Dr. Kubota, explains that “Investigating how Parkinson’s disease medications affect decision-making will help the public to better understand the complexity of the disease and its treatment.”
He also says “This will benefit patients, their families and carers, and motivate them to consider early care and preventive strategies.”
These findings shed new light on the complex processes in the brain that aid our everyday decision-making skills, and promise to improve quality of life for patients affected by Parkinson’s disease.
Maybe we can take away some important lessons from this study as well, and think twice before we indulge in poor decision-making in our daily lives.

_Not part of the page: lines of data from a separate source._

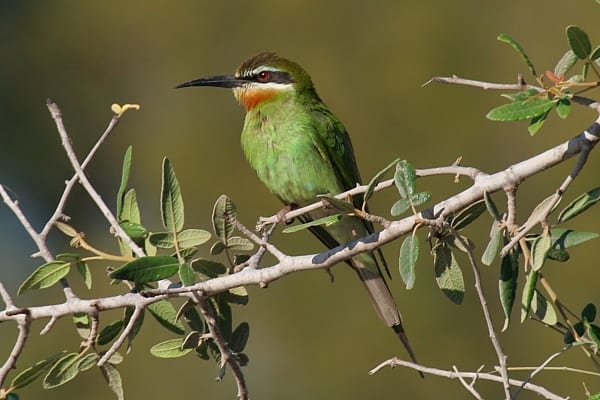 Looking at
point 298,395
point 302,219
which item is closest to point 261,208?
point 298,395

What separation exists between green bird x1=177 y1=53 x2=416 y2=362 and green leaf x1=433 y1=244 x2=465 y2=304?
989 millimetres

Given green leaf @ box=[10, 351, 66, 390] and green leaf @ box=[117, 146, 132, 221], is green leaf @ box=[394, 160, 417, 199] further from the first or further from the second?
green leaf @ box=[10, 351, 66, 390]

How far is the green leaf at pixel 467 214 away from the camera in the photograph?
1.66 m

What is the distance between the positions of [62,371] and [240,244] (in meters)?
0.40

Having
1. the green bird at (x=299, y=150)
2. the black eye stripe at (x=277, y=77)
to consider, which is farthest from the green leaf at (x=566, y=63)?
the black eye stripe at (x=277, y=77)

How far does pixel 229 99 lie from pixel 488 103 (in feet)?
6.43

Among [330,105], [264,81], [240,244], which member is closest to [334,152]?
[264,81]

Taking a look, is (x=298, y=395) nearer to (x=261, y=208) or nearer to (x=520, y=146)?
(x=261, y=208)

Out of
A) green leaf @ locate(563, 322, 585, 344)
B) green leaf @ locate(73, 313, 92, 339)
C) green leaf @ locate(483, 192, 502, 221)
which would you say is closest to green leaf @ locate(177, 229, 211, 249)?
green leaf @ locate(73, 313, 92, 339)

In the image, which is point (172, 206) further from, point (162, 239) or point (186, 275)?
point (186, 275)

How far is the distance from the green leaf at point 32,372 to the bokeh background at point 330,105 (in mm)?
3956

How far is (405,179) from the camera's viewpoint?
1624 mm

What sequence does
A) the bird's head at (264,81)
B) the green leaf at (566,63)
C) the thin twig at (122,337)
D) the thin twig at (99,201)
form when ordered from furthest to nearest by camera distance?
the bird's head at (264,81)
the thin twig at (99,201)
the thin twig at (122,337)
the green leaf at (566,63)

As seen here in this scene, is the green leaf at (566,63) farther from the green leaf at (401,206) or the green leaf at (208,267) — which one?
the green leaf at (208,267)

About this Parkinson’s disease and neuropharmacology research news
Author: Hisatsugu Koshimizu
Source: Fujita Health University
Contact: Hisatsugu Koshimizu – Fujita Health University
Image: The image is credited to Neuroscience News
Original Research: Open access.
“Pramipexole Hyperactivates the External Globus Pallidus and Impairs Decision-Making in a Mouse Model of Parkinson’s Disease” by Hisayoshi Kubota et al. International Journal of Molecular Sciences
Abstract
Pramipexole Hyperactivates the External Globus Pallidus and Impairs Decision-Making in a Mouse Model of Parkinson’s Disease
In patients with Parkinson’s disease (PD), dopamine replacement therapy with dopamine D2/D3 receptor agonists induces impairments in decision-making, including pathological gambling. The neurobiological mechanisms underlying these adverse effects remain elusive.
Here, in a mouse model of PD, we investigated the effects of the dopamine D3 receptor (D3R)-preferring agonist pramipexole (PPX) on decision-making.
PD model mice were generated using a bilateral injection of the toxin 6-hydroxydopamine into the dorsolateral striatum. Subsequent treatment with PPX increased disadvantageous choices characterized by a high-risk/high-reward in the touchscreen-based Iowa Gambling Task.
This effect was blocked by treatment with the selective D3R antagonist PG-01037. In model mice treated with PPX, the number of c-Fos-positive cells was increased in the external globus pallidus (GPe), indicating dysregulation of the indirect pathway in the corticothalamic-basal ganglia circuitry. In accordance, chemogenetic inhibition of the GPe restored normal c-Fos activation and rescued PPX-induced disadvantageous choices.
These findings demonstrate that the hyperactivation of GPe neurons in the indirect pathway impairs decision-making in PD model mice.
The results provide a candidate mechanism and therapeutic target for pathological gambling observed during D2/D3 receptor pharmacotherapy in PD patients.